ASSIGNED TASK >>
Your output should be the lines below from the one with "ルイヴィトンバッグ背面デザイン" through the one with "3 bed, 1.0 bath, 2344 sqft, $2,500 — Photo 3", copied exactly, pictures excluded.

INFORMATION >>
>>>

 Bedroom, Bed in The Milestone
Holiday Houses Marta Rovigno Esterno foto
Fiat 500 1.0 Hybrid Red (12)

<<<
>>>

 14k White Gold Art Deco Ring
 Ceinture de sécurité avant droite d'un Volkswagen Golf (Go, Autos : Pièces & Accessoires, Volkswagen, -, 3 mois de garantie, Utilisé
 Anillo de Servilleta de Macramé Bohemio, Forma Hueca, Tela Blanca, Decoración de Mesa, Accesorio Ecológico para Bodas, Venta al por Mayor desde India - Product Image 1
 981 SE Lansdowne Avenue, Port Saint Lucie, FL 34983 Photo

<<<
>>>

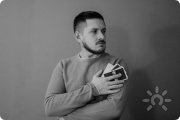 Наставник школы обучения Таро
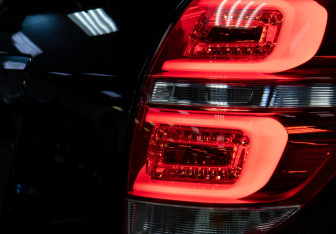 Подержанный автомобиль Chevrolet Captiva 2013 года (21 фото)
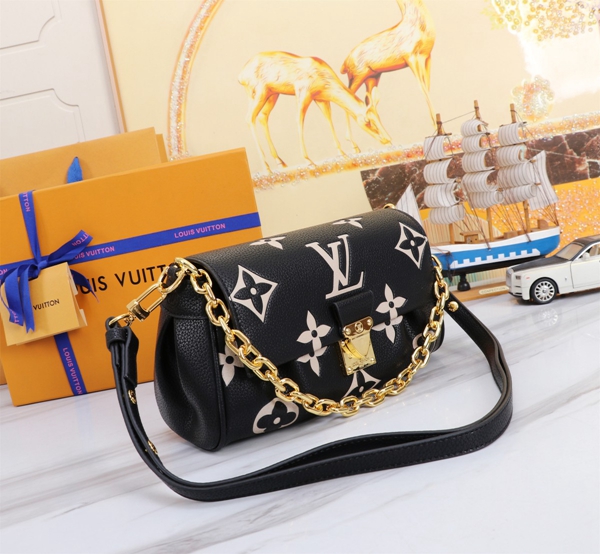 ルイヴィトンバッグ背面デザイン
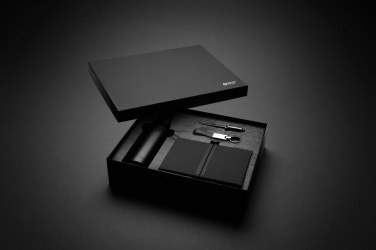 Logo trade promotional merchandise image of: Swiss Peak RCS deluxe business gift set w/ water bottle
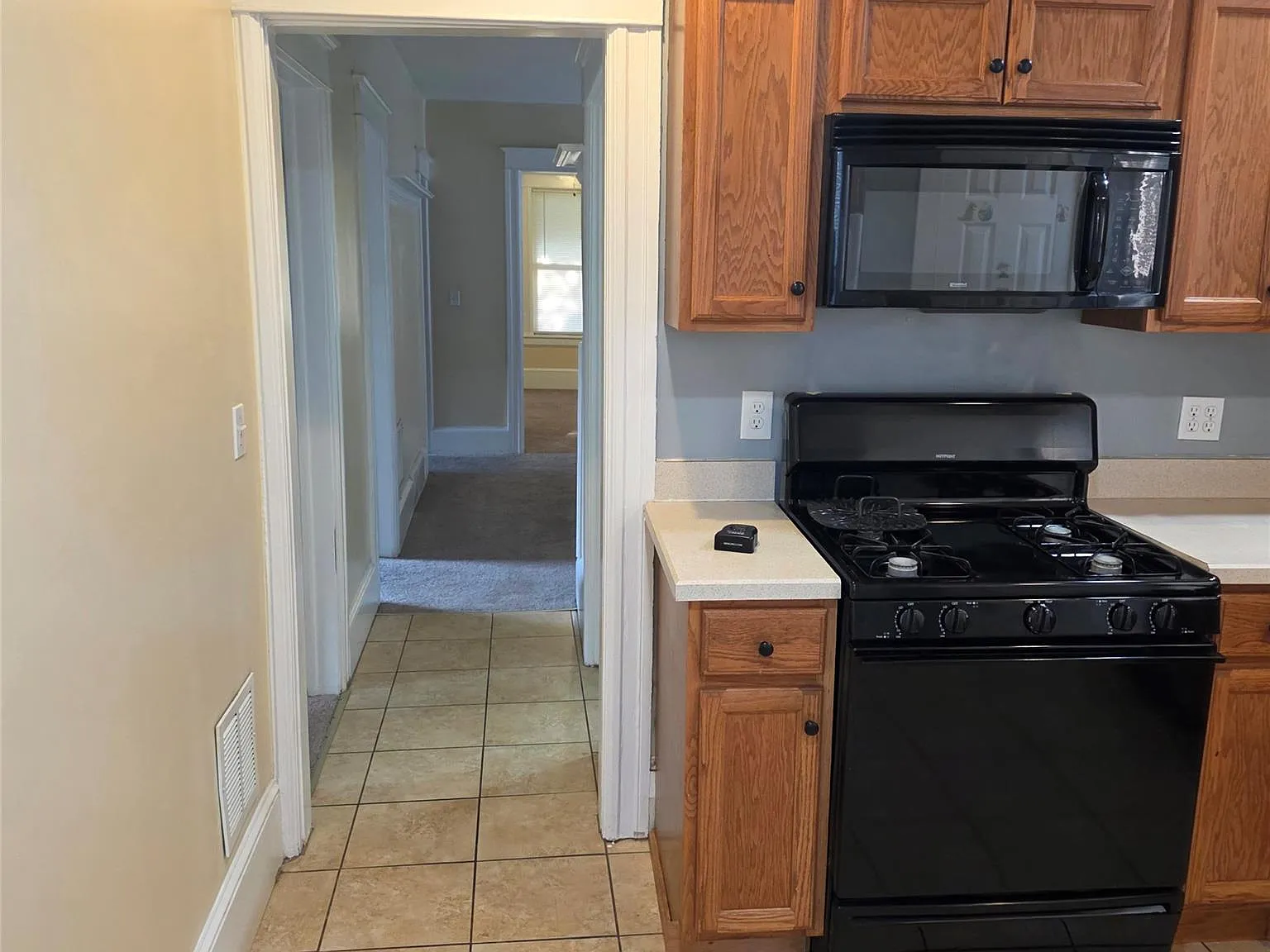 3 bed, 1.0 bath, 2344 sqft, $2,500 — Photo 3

<<<

RESULT >>
 ルイヴィトンバッグ背面デザイン
 Logo trade promotional merchandise image of: Swiss Peak RCS deluxe business gift set w/ water bottle
 3 bed, 1.0 bath, 2344 sqft, $2,500 — Photo 3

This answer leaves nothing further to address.